September is the big birthday month in my family - it starts off with John's birthday, and then there's my niece's, mine, and Mary's all in a clump. When my dad was still with us we would celebrate my niece's, mine, and Mary's with him in a big quadruple birthday bash. Since mine was two days after his, I never had my own birthday - it was always shared. And since Mary's is the day after mine, I suppose my birthday will always be a shared experience, which is just how I like it.


Happy Birthday, John!

Yesterday was John's birthday and we celebrated it at my sister's house; she served up chile rellenos made with poblano chiles her husband grew in pots in their backyard. They were delicious but I seriously feel like I gained five pounds yesterday. I hadn't even planned on eating much for dinner because John and I also had lunch at Roppongi and I ate so many onion rings with wasabi aioli I really didn't need dinner.


I dream of cake!

I couldn't resist homemade, homegrown, homeserved chiles - who could? And of course there was cake made by yours truly. The cake was based on this recipe, which in turn was based on this. I used a mixture of Meyer and regular lemons because that was what I had and since John really, really likes lemon, I added lemon to both the cake batter and the frosting. The batter got the zest of two of the Meyers (they were small), and the frosting got the zest of one Meyer and two tablespoons of lemon/Meyer lemon juice in place of two T of water.
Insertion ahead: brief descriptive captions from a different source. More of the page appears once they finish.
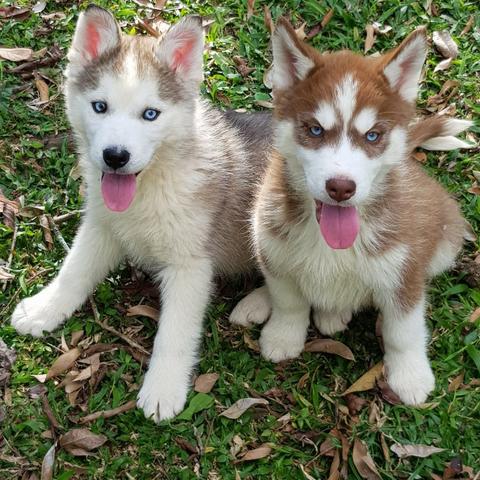 Lindos Machos De Husky Siberiano - Foto 2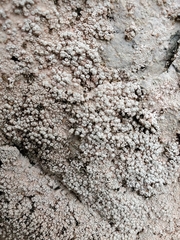 Coccotrema maritimum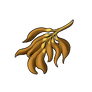 Kelp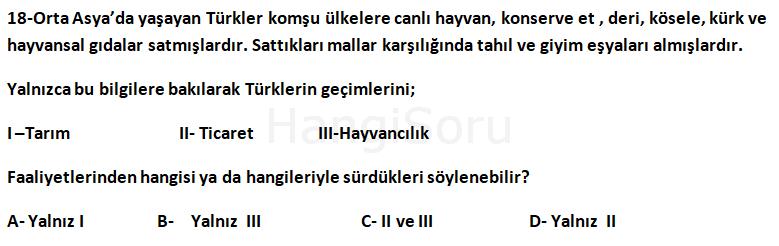 Soru 18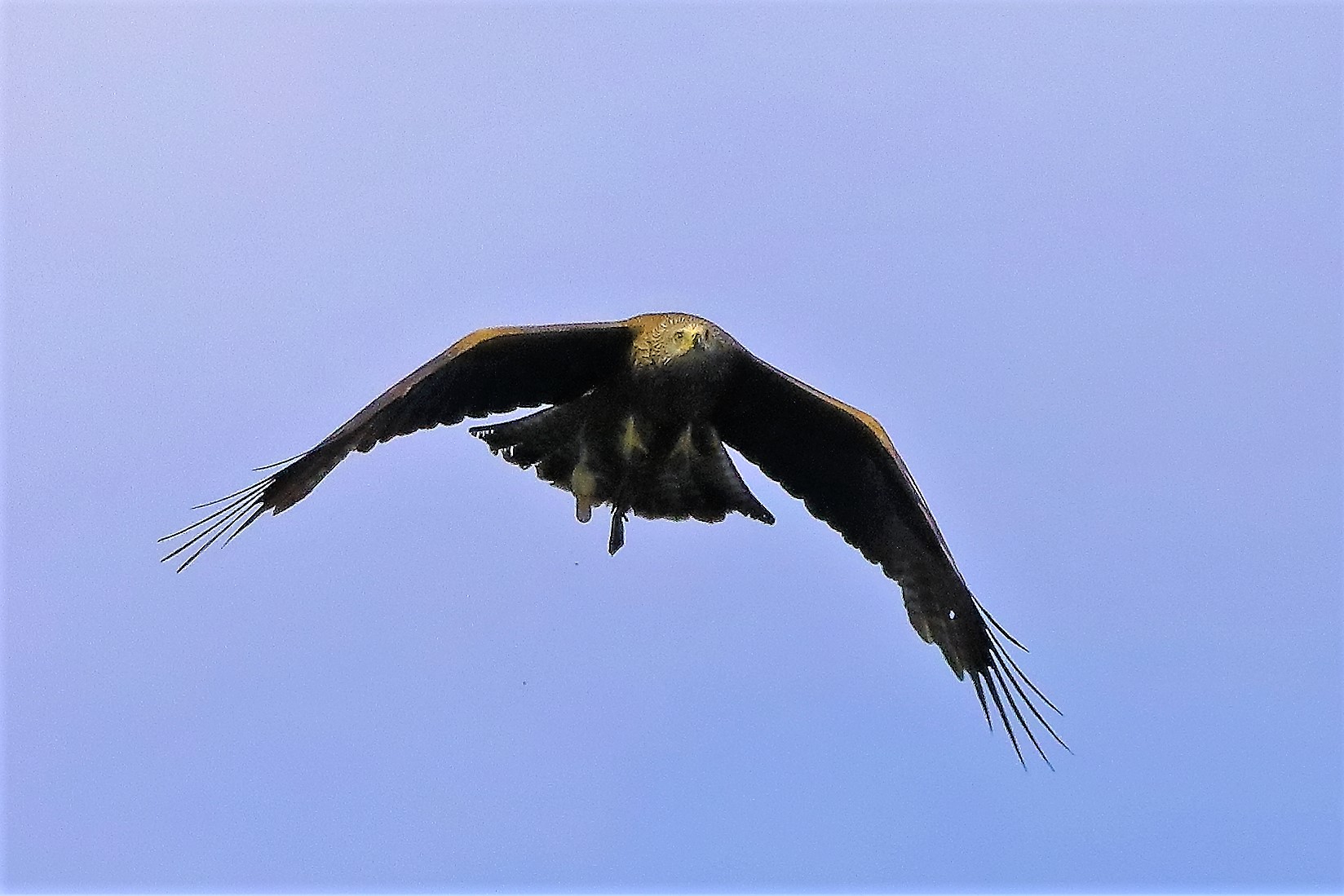 Nibbio bruno 06-06-2022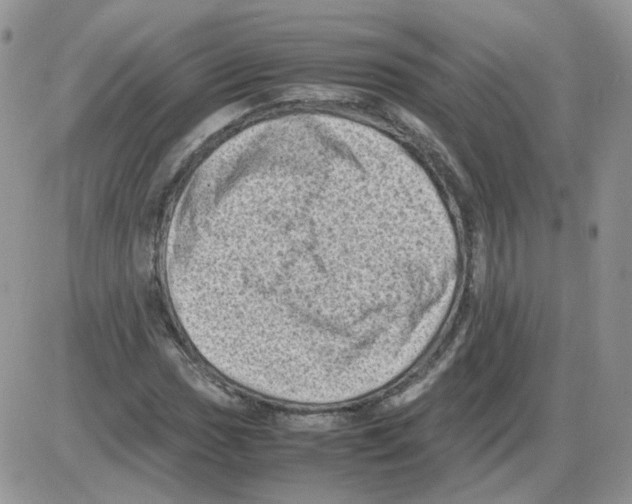 X0000086031017200704201941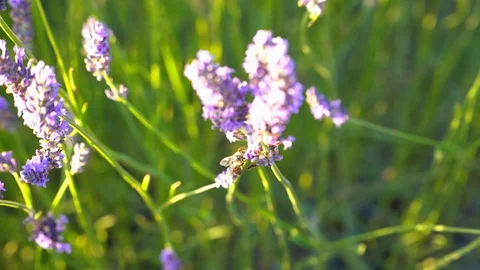 Lavender fields with a pollinating bee in Provence, France Stock Footage 112284061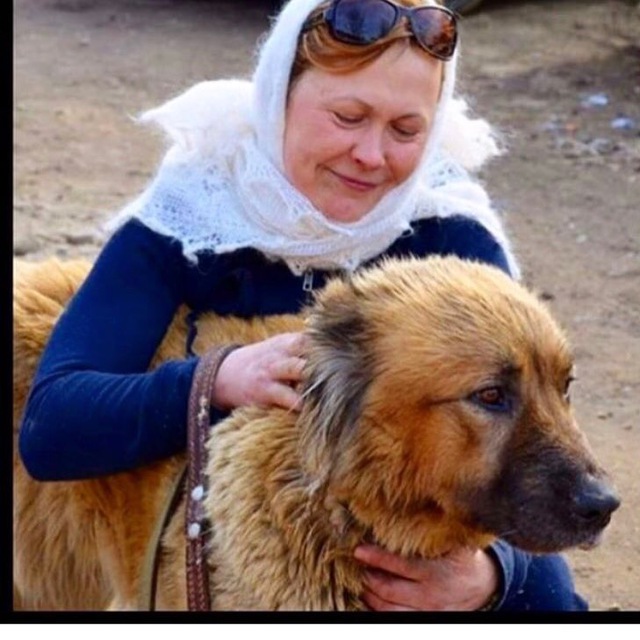 Приют «Ванечка»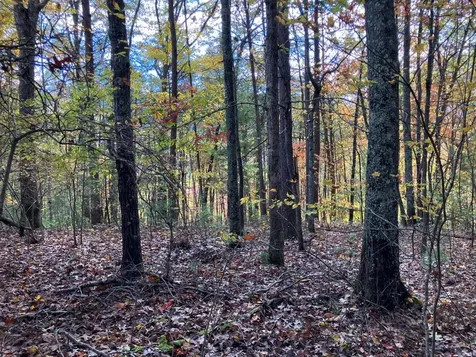 39A Hedden Stiles Murphy NC 28906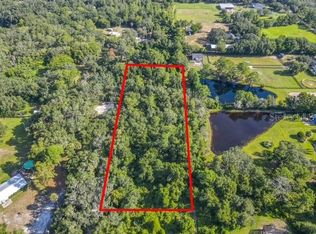 13 Bobcat Ln LOT 13, Osteen, FL 32764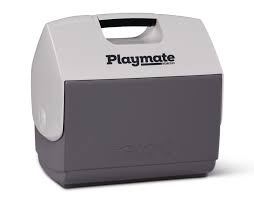 IGLOO PLAYMATE  16 QT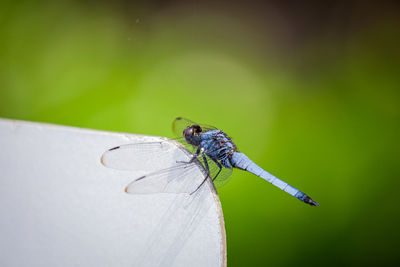 Close-up of dragonfly 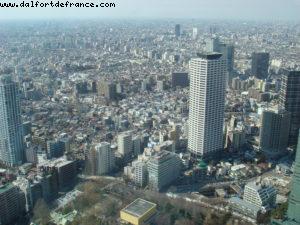Government tower - Shinjuku - Tokyo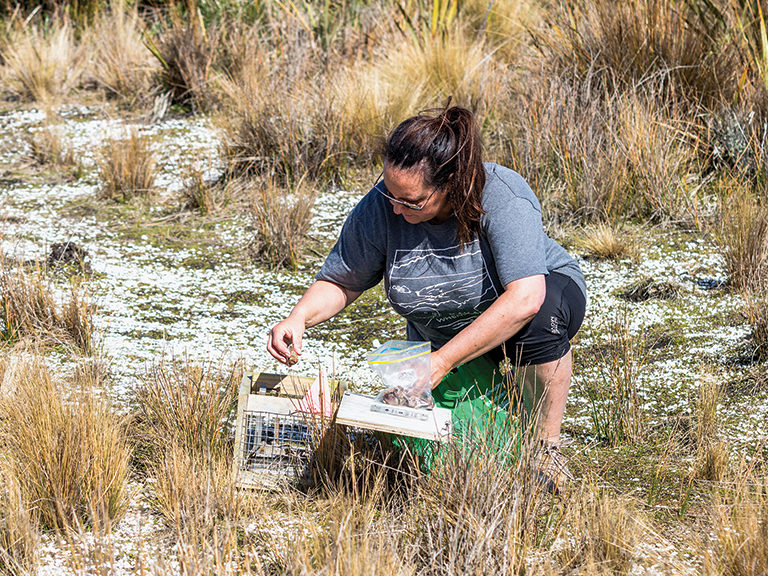 Estelle in a dune opening up a stoat trap.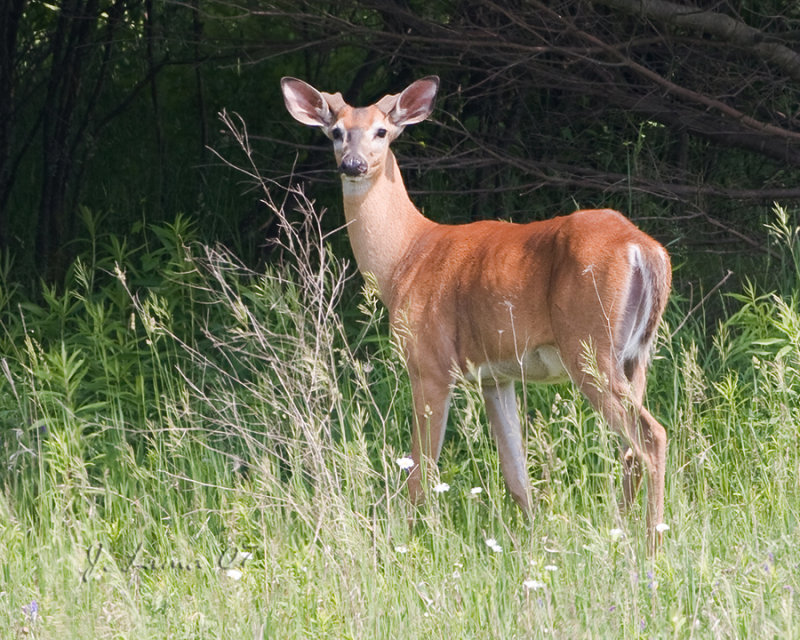White Tail Deer3.jpg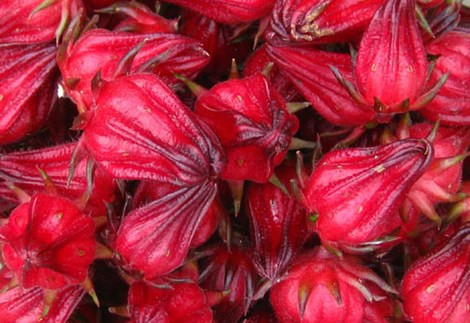 Hoa atiso đỏ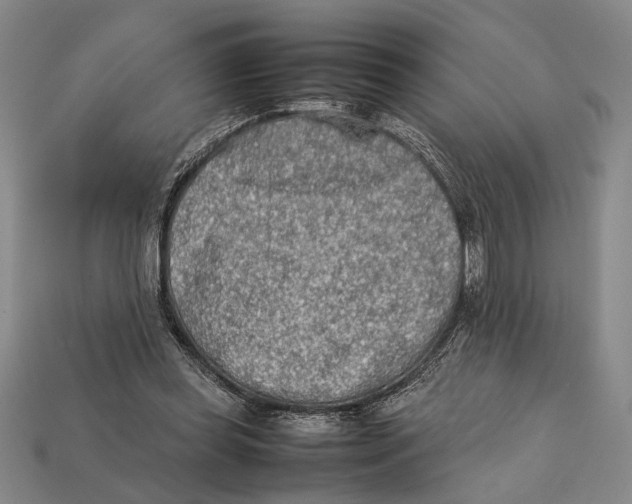 X0000112400349200909110934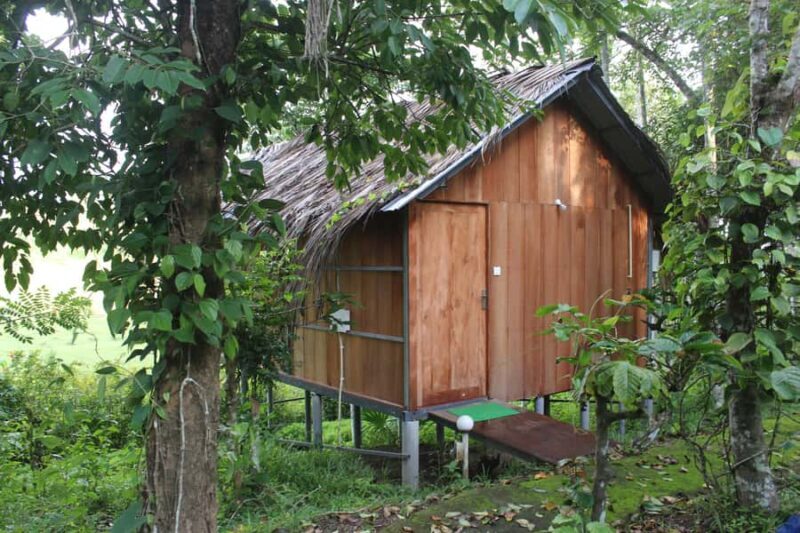 Wayanad: 2-Day Forest and Tribal Experience with Meals - What Travelers Are Saying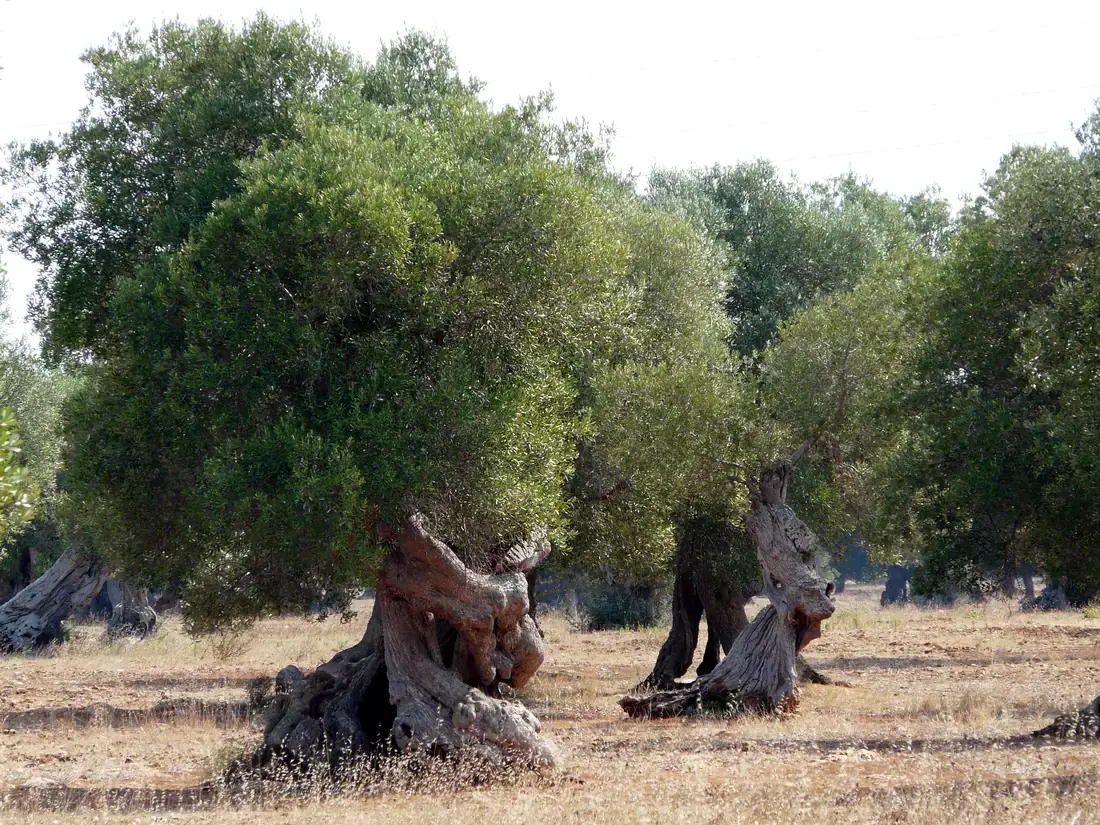 Ulivi secolari dai tronchi contorti in un campo di Torre Santa Susanna, in provincia di Brindisi.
I used every bit of the lemon curd between the layers, which was sort of overkill but I liked the idea of letting it drip down the outside and then frosting over it with the 7-minute frosting, which has enough body to cover something like that pretty completely. The resulting cake was very reminiscent of lemon merinque - delicious.

August Recap

I ended up hating this dress - it was a portable sauna - but here we are at the Jewel Ball.

Now that September is upon us and the normal schedule of events resumed, I think it's time for me to get back to the blog, don't you? The Jewel Ball has come and gone (with all the craziness that brings), I've gone to New York for a few days of R&R, and now I'm getting back down to business.

Lawnchair sculpture in Times Square, held together by zipties, my favorite all-purpose fasteners!

Fiona has gone back to Bennington, Anna's begun her senior year (check back later for college craziness, application anxiety, and other general institution-of-higher-learning-inspired afflictions), and Mary is now a 6th grader. All of which, sad to say, makes me a relic of the pleistocene and all the more susceptible to the marketing claims of every anti-aging product on the planet.

"You can leave now, Mommy!"

There's very little knitting going on at the moment because it's hard to get excited about wooly garments when you live in the tinderbox that is SoCal in the fall, but I do have a little food to share in coming posts, cuz a girl's gotta eat, after all.